1Yes, the lecturer is refering to a single neuron. It's true that in the same layer we could have different signs of updates. However, by using sigmoid function, all the weights connecting to a single neuron will be updated increasing its value or decreasing it (and not both at the same time) $\rightarrow$ zig-zagging in order to reach the optimal value of the weights. – Javier TG – 2020-10-31T08:26:57.380

1Thanks Javier. To make sure I understand your response, are you saying it’s correct that with sigmoid we zigzag in a subset of dimensions? That is, constraining the gradients flowing back from a single node to share the same sign is enough to cause the behavior, regardless of what the rest of the network is doing? – Churchjm – 2020-10-31T15:57:36.753

1Yes, I think we are on the same page.
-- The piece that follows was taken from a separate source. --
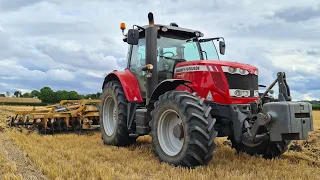 Cultivations Start Cows Have Ran Out Of Grass!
Concretely, this happens because the update of a weight that connects a neuron $j$ with a neuron $k$ is given by a quantity proportional to: $$\frac{\partial C}{\partial w^l_{kj}}= \delta^l_k ,,a_j^{l-1}$$ Where $C$ is the cost function, $a_j^{l-1}$ the activation of the neuron $j$ and $\delta^l_k$ the "error" term for the neuron $k$. $\delta^l_k$ is just a scalar, hence, if all $a_j^{l-1}$ are positive (this happens with sigmoid), then the updates of all the weights that connect to a neuron $k$ will have the same sign – Javier TG – 2020-10-31T16:12:50.633

1Thanks for your comments Javier. It seems I can't mark a comment as an answer though. If you'd like to re-post this as an answer, I'll accept it. – Churchjm – 2020-11-01T18:01:31.177

No answers